Moreover, the different weed management practices were compared with an untreated treatment, in which no intervention, either direct or indirect, on the weeds or soil took place. Non-weed management resulted in lower yield and crop quality of cabbage and onion productions; however, lettuce crop yield on average over the two years was higher than in the others and soil biodiversity was higher. A zero approach can result in several beneficial effects, such as minimal soil erosion damage, reduced soil disturbance, and reduced soil evaporation, while mechanical control, especially when poorly managed, can result in hard soil structure thereby limiting root growth and hindering plant growth and nutrient and moisture extraction from deeper soil layers.

5. Conclusions

This study aimed at comparing the different agroecological weed management practices allowed in organic farming, and the results showed that the different treatments applied significantly affected weed quantity and diversity and horticultural crop yield quantity and quality.
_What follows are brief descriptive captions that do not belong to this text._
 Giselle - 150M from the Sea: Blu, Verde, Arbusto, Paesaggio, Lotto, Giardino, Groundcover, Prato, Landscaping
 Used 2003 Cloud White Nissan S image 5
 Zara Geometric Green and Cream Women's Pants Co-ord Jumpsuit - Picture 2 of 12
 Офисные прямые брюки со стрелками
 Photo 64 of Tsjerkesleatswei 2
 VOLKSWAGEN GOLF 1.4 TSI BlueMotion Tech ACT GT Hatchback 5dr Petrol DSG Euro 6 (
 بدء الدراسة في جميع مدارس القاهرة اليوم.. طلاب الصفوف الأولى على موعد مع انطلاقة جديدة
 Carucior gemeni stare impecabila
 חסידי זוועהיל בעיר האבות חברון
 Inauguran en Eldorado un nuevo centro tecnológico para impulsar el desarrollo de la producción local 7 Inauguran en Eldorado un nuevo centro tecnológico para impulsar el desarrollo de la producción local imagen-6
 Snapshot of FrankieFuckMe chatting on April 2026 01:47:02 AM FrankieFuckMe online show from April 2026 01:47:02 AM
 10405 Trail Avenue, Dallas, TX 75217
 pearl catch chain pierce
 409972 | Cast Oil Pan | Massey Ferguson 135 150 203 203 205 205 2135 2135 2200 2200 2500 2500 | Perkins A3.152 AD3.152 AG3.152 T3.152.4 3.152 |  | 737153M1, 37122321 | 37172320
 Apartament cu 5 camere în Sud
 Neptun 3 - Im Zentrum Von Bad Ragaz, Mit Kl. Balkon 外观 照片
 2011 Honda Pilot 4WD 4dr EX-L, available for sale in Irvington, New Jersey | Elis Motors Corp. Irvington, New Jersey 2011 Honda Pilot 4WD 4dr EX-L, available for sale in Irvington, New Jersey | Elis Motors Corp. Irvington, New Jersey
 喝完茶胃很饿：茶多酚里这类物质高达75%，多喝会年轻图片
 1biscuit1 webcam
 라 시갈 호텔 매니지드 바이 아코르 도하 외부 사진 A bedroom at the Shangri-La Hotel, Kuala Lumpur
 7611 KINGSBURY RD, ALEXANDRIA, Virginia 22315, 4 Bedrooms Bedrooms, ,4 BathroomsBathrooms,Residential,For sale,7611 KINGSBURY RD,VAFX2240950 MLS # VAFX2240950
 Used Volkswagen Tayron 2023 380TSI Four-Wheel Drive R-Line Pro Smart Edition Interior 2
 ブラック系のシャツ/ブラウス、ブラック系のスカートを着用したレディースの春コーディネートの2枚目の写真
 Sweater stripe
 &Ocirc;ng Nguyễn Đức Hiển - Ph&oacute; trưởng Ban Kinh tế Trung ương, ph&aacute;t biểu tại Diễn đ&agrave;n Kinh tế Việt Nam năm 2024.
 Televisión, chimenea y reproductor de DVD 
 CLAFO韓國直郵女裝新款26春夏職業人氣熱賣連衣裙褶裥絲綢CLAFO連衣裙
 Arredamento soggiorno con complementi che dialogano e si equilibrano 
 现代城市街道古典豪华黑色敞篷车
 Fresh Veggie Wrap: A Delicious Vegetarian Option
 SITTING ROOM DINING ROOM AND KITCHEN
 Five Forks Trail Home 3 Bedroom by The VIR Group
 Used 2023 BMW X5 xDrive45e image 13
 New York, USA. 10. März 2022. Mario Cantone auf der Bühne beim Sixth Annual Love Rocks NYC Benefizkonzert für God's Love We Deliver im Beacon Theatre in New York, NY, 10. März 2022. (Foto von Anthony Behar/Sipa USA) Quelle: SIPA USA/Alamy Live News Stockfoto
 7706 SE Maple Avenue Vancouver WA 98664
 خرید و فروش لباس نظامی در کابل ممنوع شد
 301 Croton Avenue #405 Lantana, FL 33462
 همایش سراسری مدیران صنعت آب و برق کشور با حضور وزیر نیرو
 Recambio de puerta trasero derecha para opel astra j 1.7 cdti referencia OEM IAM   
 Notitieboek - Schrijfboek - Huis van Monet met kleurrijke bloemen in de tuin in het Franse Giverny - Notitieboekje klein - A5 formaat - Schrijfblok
In particular, the use of bioplastic sheets provided effective weed control while achieving high yields in terms of productivity and quality. However, both sheets were less efficient in preserving weed biodiversity. Mechanical control achieved comparable results in terms of weed control and crop yield while preserving high weed biodiversity. Dead mulching was quite efficient according to the characteristics examined, although at lower levels. The highest values of weed number, biomass, and diversity were recorded for the clover living mulch and the untreated treatment for all three crops as well as the lower values for yield quantity and quality, probably due to wrong varieties of clover and not proper seeding period. Thus, this study demonstrated how different agroecological practices on weed management can effect the crop yield and agroecosystem. Future studies should explore the long-term performance of these practices under different environmental conditions and cropping systems, as well as their economic feasibility. Moreover, policy measures supporting the adoption of biodegradable mulches and diversified weed management strategies could play a crucial role in promoting sustainable and resilient organic farming systems.